L’artiste à l’écoute des paysans, de leur quotidien et de leur expérience s’en nourrit spirituellement. Sa création portera une trace de leurs vies et sa vie s’enrichira d’une mosaïque d’expériences. Par ailleurs, ce théâtre itinérant, parce qu’allant à la rencontre de son public, évite la sclérose par sa capacité à s’adapter et sa vocation à revendiquer l’éphémère. Ainsi, chaque soir, pour chaque représentation, la configuration de la place du village ou du site urbain qui reçoit la représentation oblige à un réajustement de la mise en scène ; l’environnement social et culturel du public contraint à des aménagements du contenu de la pièce ; une mort par balle devient une pendaison ou un empoisonnement selon le rapport que le public entretient avec le moyen de passer de vie à trépas.

En outre, la mobilité oblige à appauvrir le décor et les accessoires, à dépouiller la scène de sorte que tout ce que l’on perd en objets scéniques est compensé par le jeu de l’acteur. L’acteur, devenu le centre de tous les messages, doit donc avoir un jeu riche, fort et plurisémique. Ce théâtre fait appel, par conséquent, à la liberté et au génie de l’acteur par opposition au théâtre d’auteur, où l’acteur devient un pantin entre les mains du dictateur qu’est le metteur en scène.

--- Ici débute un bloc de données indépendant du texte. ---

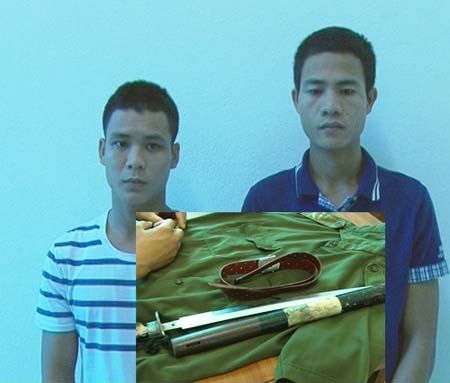 Gia cong an, danh trong thuong nguoi de cuop hinh anh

Enfin, le reproche fait à ce théâtre, en rapport avec sa structure figée, ne tient pas à l’analyse. De tout temps, la codification n’est jamais ennemie du génie ; au contraire elle le révèle. Aussi, l’alexandrin et la théorie des 24 heures n’ont étouffé ni le génie de Corneille ni celui de Racine. Il nous semble donc que la critique faite au théâtre de développement serait justifiée si elle traduisait le besoin d’une génération de se définir par opposition à une autre, le besoin pour un genre artistique de s’affirmer et de s’implanter en niant le modèle qui l’a précédé ou même généré.

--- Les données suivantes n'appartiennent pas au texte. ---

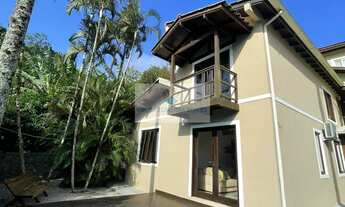 Imagem: Casa à venda no bairro Lagoa da Conceição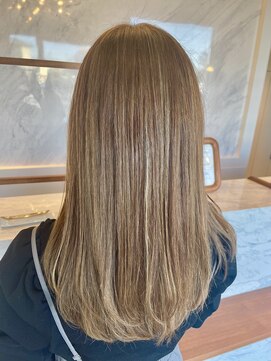 ソレカ(SORECA) 【SORECA/ソレカ】シルバーベージュ×ロング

Mais l’insurrection exige un engagement artistique conséquent. Le problème du théâtre burkinabé n’est pas lié à un genre, mais à l’investissement des hommes dans ce métier, à la passion et à la graine de folie qu’ils mettront ou pas dans leur Art. Car de celui qui veut vivre de son art on attend un engagement de soi plus grand que celui du dilettante. Il est vrai aussi qu’il ne suffit pas d’aller à l’enterrement pour honorer le mort.